## Task description
From the records below, transcribe only the lines running from the one with "กระถางต้นไม้มง" through the one with "Original Abstract Expressionism". Keep both of those end lines.

[Material for this exercise Boundary: Start]

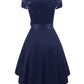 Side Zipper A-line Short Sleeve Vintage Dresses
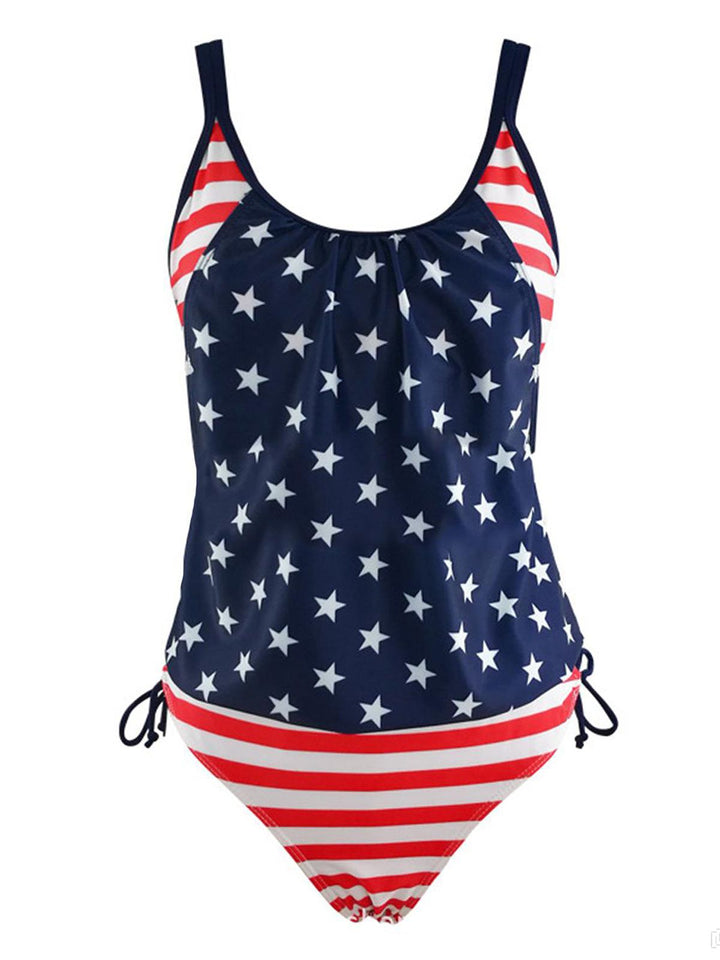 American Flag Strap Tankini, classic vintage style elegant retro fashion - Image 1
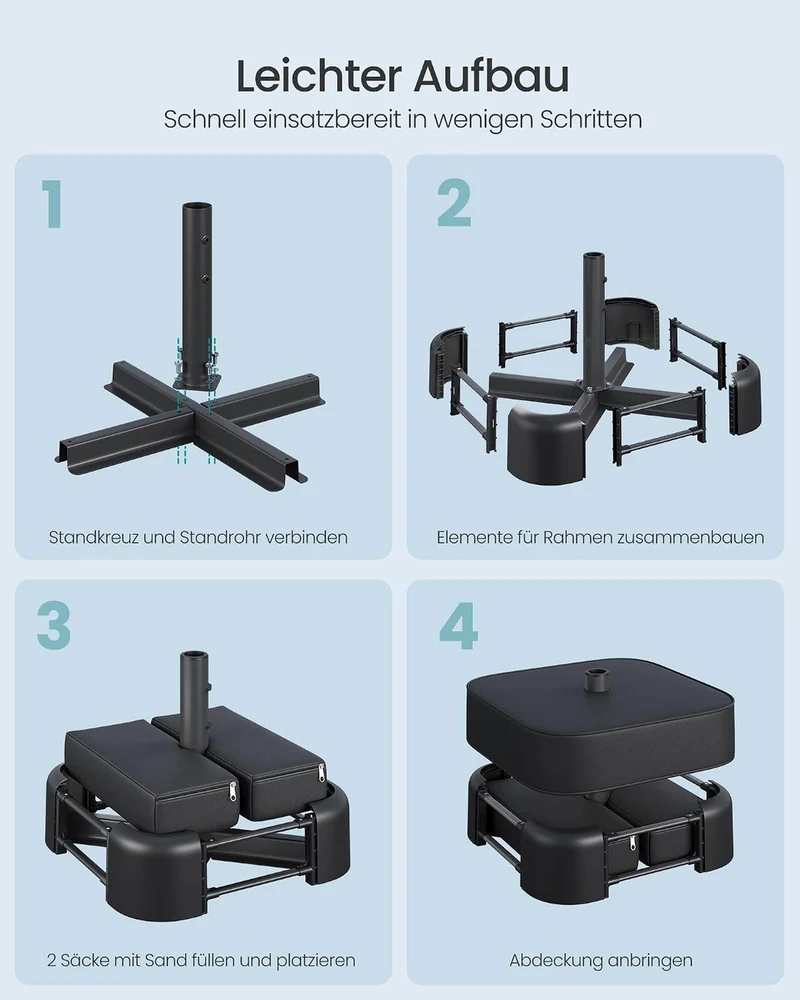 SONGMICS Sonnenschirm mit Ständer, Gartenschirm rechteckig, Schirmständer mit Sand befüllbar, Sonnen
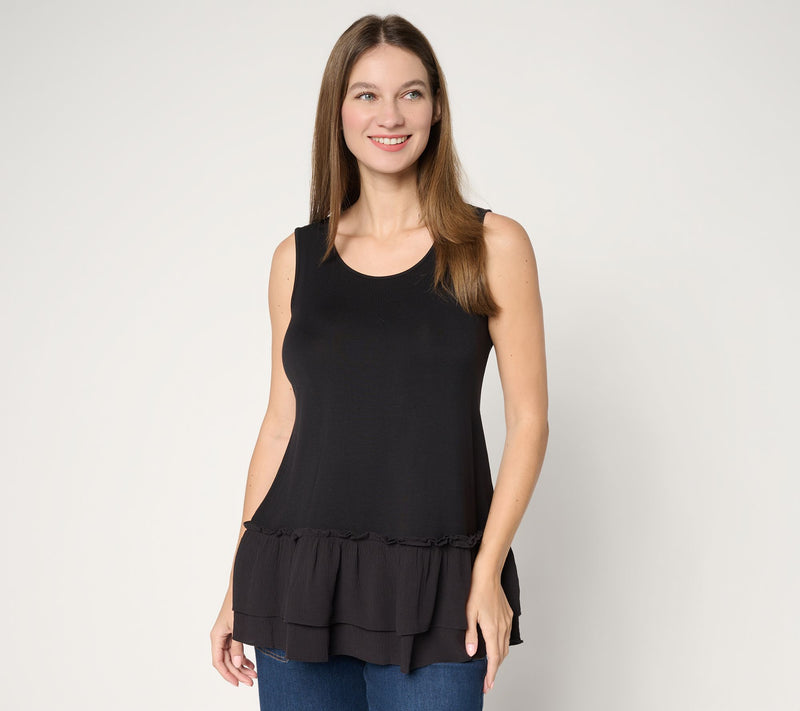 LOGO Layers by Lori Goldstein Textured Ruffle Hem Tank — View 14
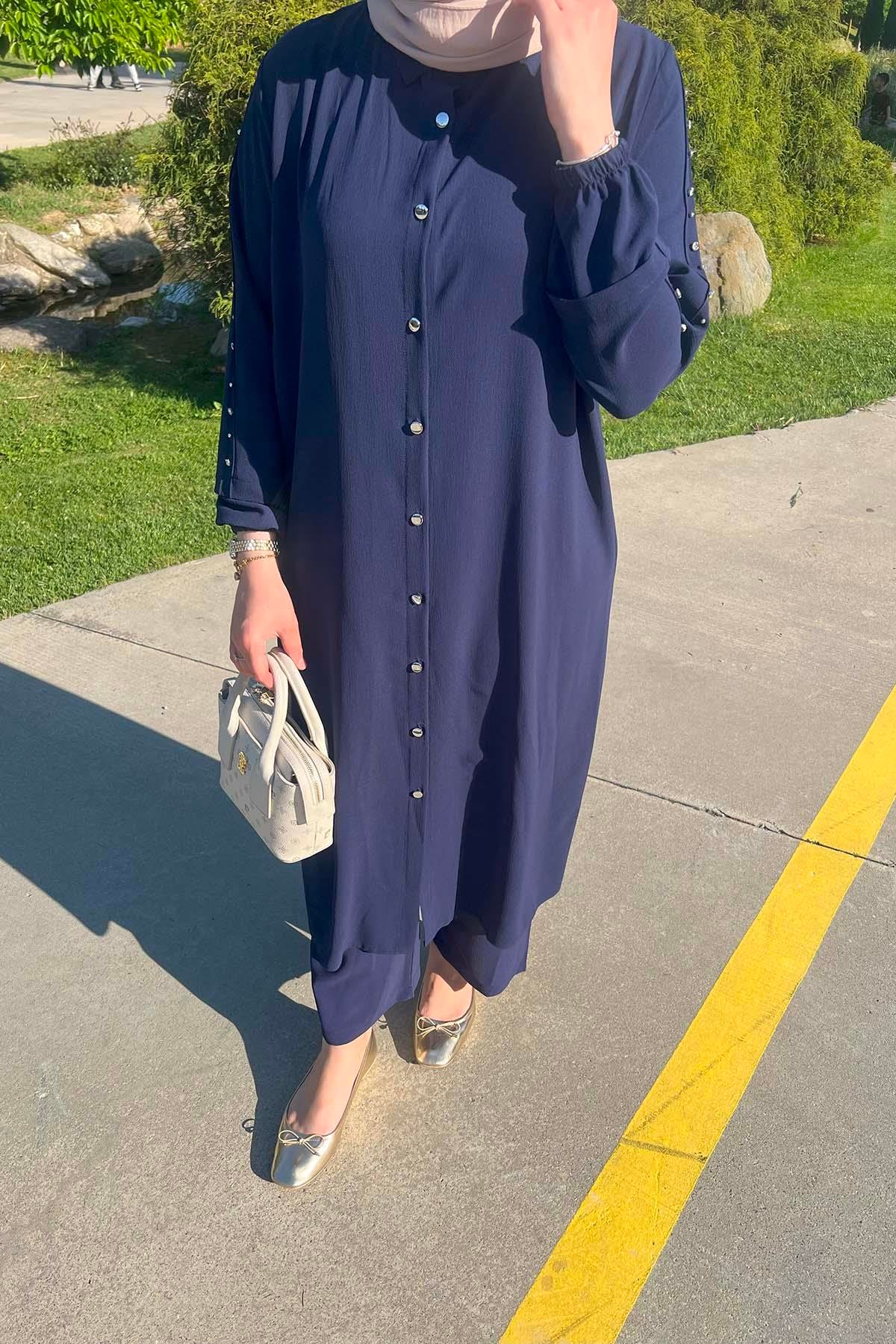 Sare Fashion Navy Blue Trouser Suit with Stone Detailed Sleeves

[Material for this exercise Boundary: End]
[Material for this exercise Boundary: Start]

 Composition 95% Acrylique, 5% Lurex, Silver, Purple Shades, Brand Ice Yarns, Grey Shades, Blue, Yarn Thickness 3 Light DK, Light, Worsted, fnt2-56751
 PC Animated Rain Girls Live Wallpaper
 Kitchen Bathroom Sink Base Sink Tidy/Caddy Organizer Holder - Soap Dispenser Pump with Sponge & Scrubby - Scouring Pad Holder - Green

[Material for this exercise Boundary: End]
[Material for this exercise Boundary: Start]

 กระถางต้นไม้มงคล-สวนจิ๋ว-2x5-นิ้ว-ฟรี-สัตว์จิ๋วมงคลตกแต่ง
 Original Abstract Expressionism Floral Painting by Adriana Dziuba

[Material for this exercise Boundary: End]

## Expected output
 กระถางต้นไม้มงคล-สวนจิ๋ว-2x5-นิ้ว-ฟรี-สัตว์จิ๋วมงคลตกแต่ง
 Original Abstract Expressionism Floral Painting by Adriana Dziuba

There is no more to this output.